Sounds like a “good government” measure, right? Don’t kid yourself. This is just another example of board members playing politics instead of doing what voters sent them to Austin to do.
What’s up? In the Republican primary last March, Thomas Ratliff defeated Don McLeroy, a member of the board’s far-right faction. That faction has spent the last four years turning just about every curriculum and textbook into a political and “culture war” battleground. Its members and their supporters are unhappy to see McLeroy go.

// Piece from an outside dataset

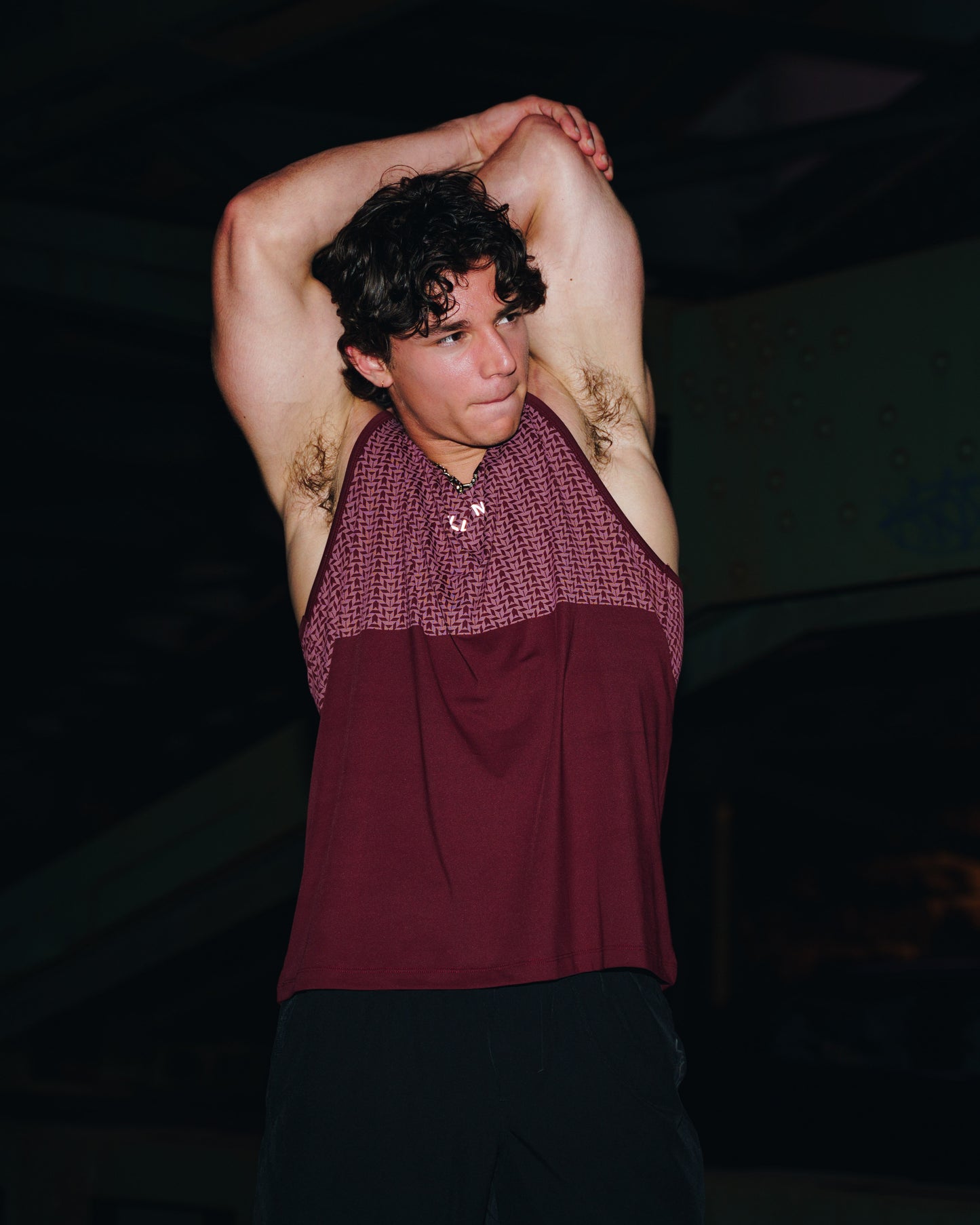 DEFIANCE ACTIVE TANK - MAGMA / DARK RED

So now they’re looking for a way to overturn the will of the voters and get Ratliff tossed from office. Ratliff is a registered lobbyist. He’s hardly the first. In any case, here’s what he told the political website Quorum Report (subscription required) last Friday:
“Before this issue was ever raised by the current SBOE, I notified all of my clients that my representation of their interests would not include the State Board of Education. All of my contracts have already been amended to reflect this. There is no gray area on this issue for me. I’m not going to get close to a perceived or actual conflict of interest between my professional life and my elected capacity on the SBOE. . . . It’s unfortunate that the SBOE sent the message to 4.5 million schoolchildren, educators, parents and the Texas Legislature that this issue is in the top 5 issues facing our public schools. This is one of the reasons why I ran on the platform of taking politics out of the state board of education. I look forward to serving on the new board beginning in January and am confident that we can return the focus of the SBOE on the real issues facing our schools.”
Longtime political writer Paul Burka of Texas Monthly calls the measure a “parting shot” by a faction worried about losing power after December:
“Ratliff won his seat by election, not by appointment, and so long as he does not have clients in the education area, and so long as he it is does not lobby the SBOE or the Texas Education Agency, I don’t think that the Legislature is going to pay much attention to recommendation #5. Nor should it.”
We’ve been pointing out for a while now that too many state board members put politics ahead of education. As we can see, they even give petty politics a priority.
Petty politics? Is there any other kind these days?